RECORDS SUPPLIED
--- --- ---

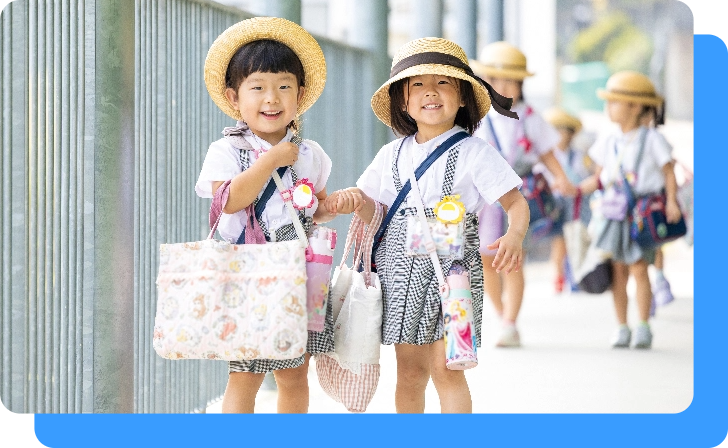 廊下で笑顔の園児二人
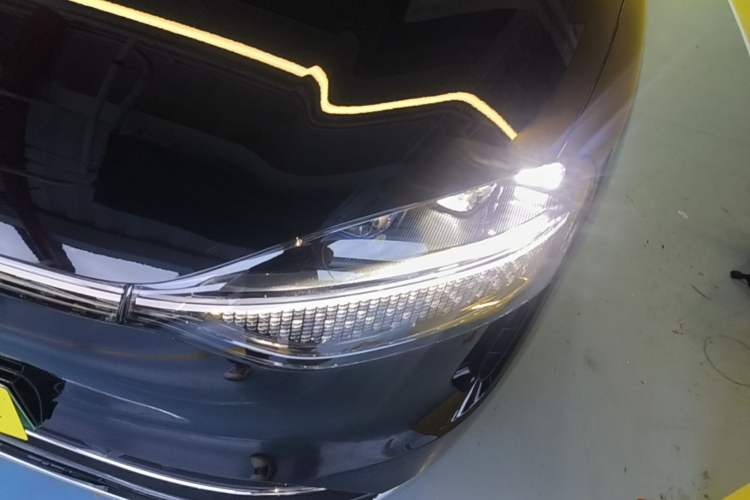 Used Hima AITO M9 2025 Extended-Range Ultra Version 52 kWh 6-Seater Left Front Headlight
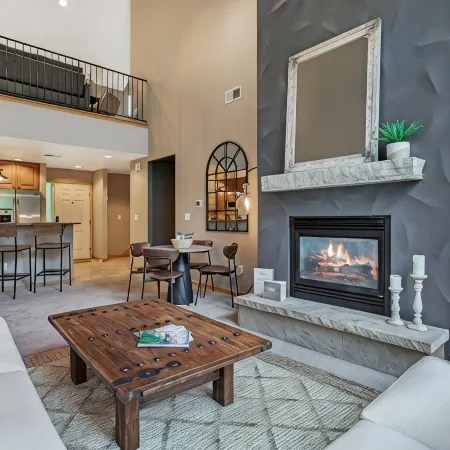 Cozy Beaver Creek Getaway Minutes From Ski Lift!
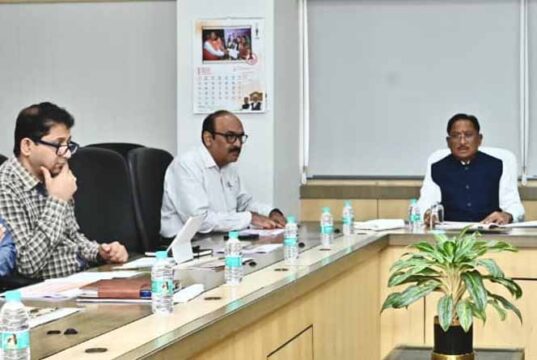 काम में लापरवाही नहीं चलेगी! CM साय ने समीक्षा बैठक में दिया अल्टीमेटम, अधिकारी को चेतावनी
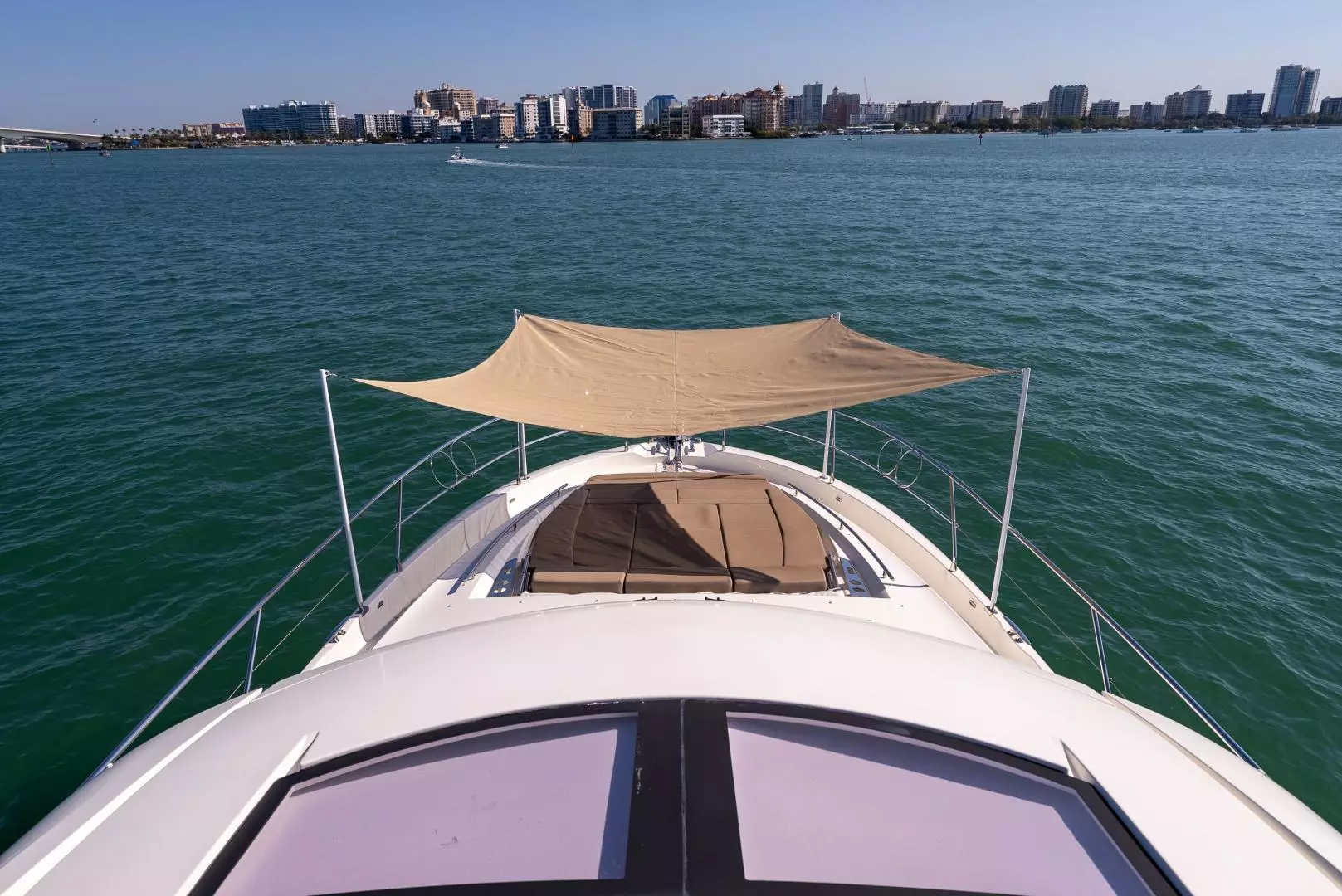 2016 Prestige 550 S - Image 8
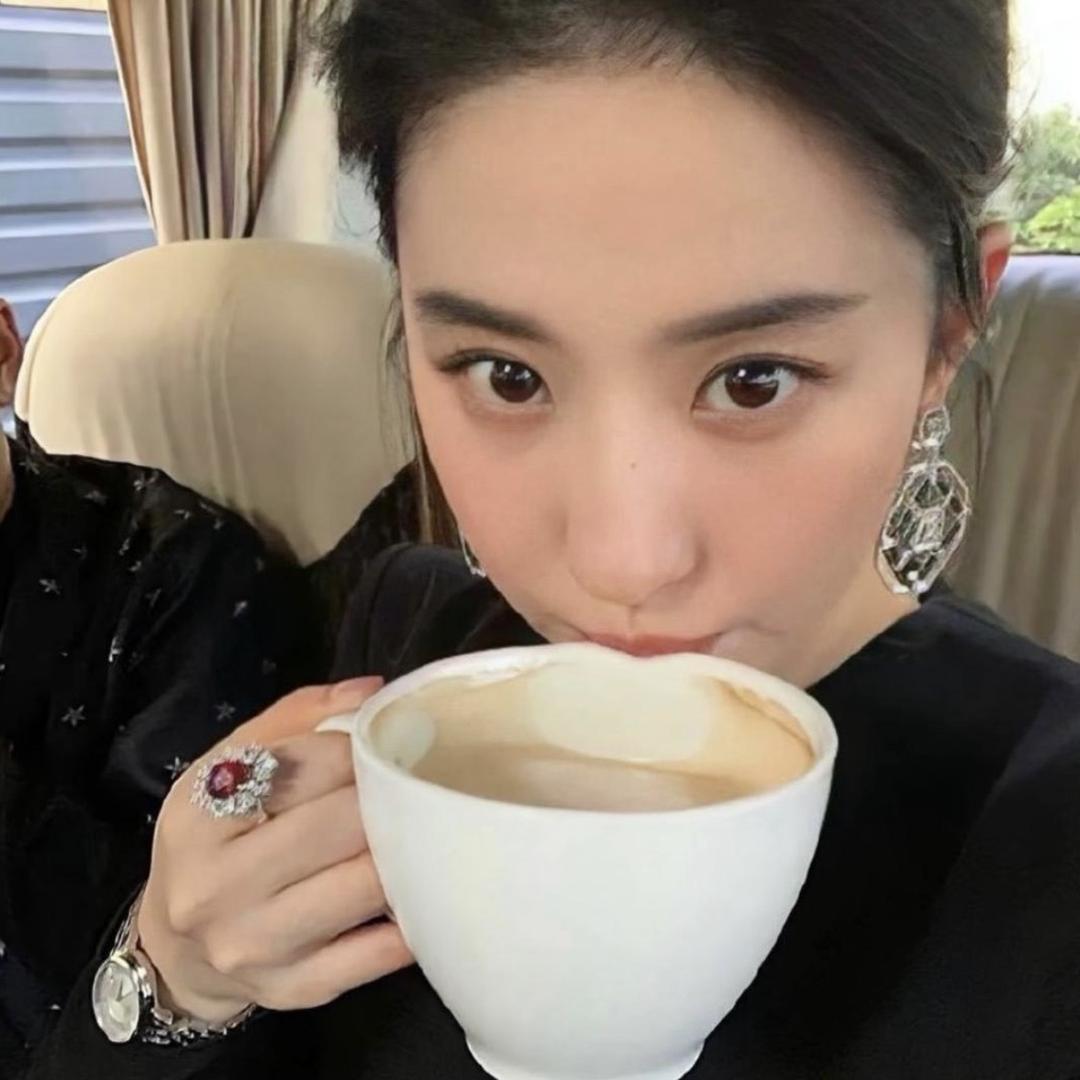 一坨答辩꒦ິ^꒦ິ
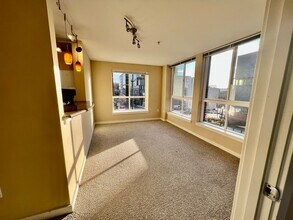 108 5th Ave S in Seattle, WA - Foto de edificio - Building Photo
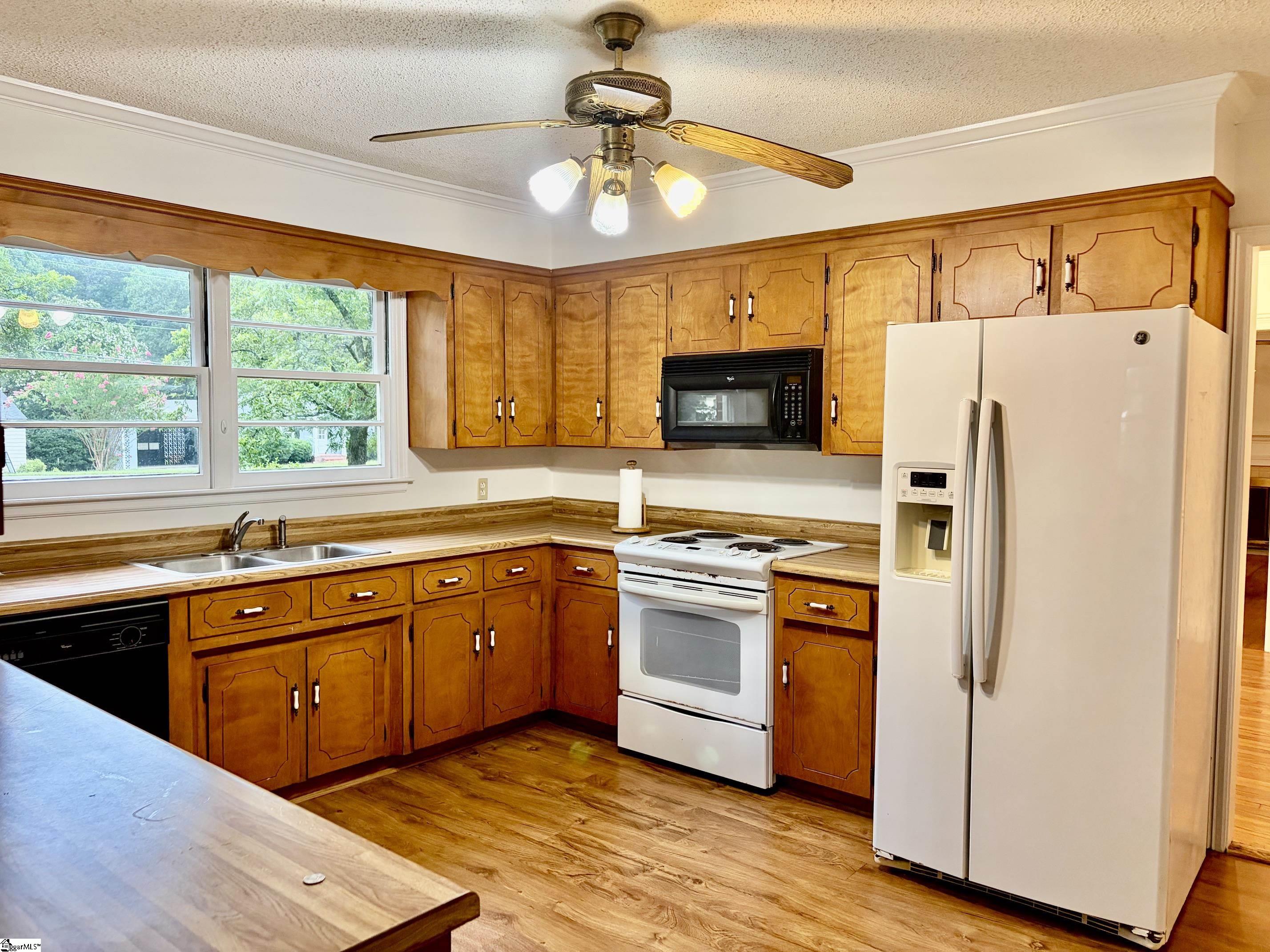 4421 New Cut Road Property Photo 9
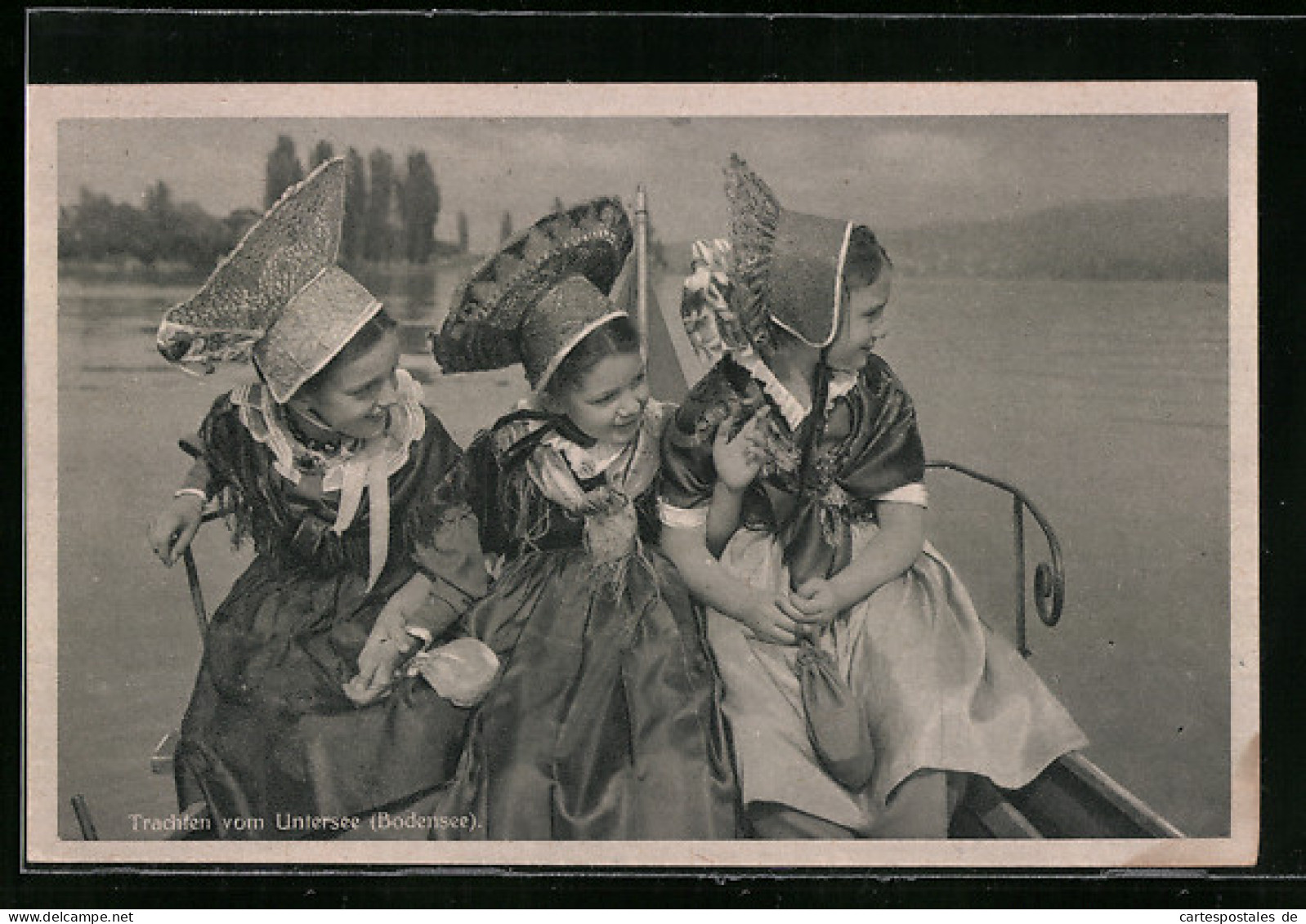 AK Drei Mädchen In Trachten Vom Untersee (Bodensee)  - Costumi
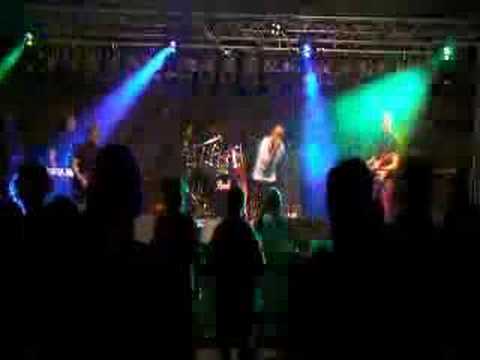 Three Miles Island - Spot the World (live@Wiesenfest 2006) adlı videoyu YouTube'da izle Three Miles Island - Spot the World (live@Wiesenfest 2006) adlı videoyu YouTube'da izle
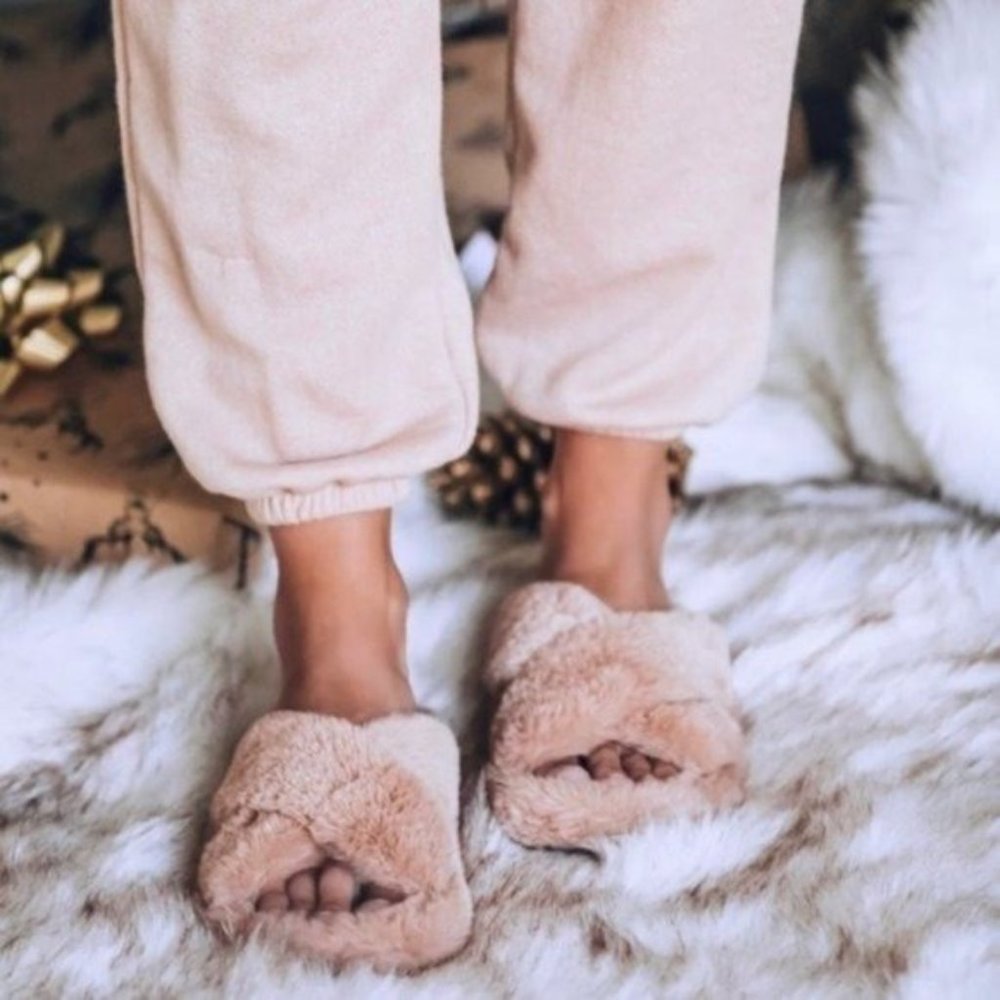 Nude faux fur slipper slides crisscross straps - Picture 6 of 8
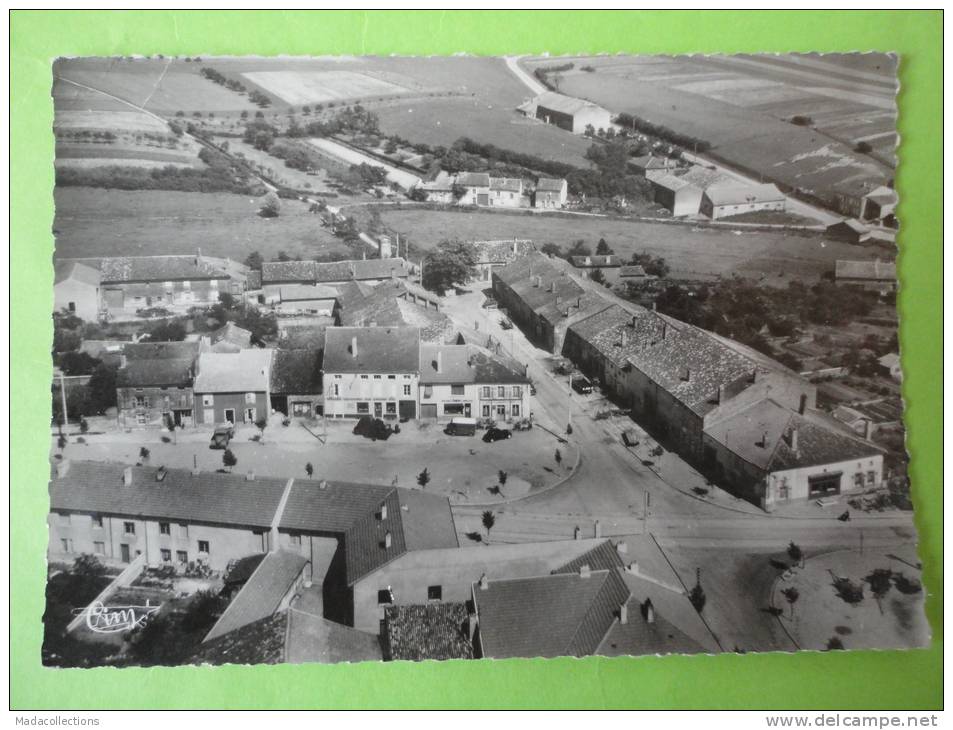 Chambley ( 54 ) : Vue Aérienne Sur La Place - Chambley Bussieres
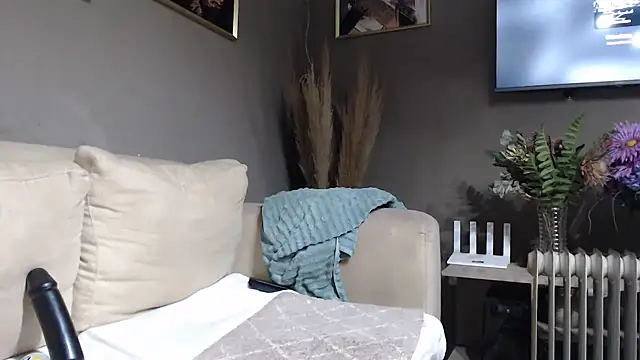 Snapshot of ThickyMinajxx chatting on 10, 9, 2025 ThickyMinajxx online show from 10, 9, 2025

--- --- ---

TASK STATEMENT
Begin at the line containing "Chambley ( 54" and write out every line to the end of the data exactly. Skip the pictures.

RESPONSE TO THE EXERCISE
 Chambley ( 54 ) : Vue Aérienne Sur La Place - Chambley Bussieres
 Snapshot of ThickyMinajxx chatting on 10, 9, 2025 ThickyMinajxx online show from 10, 9, 2025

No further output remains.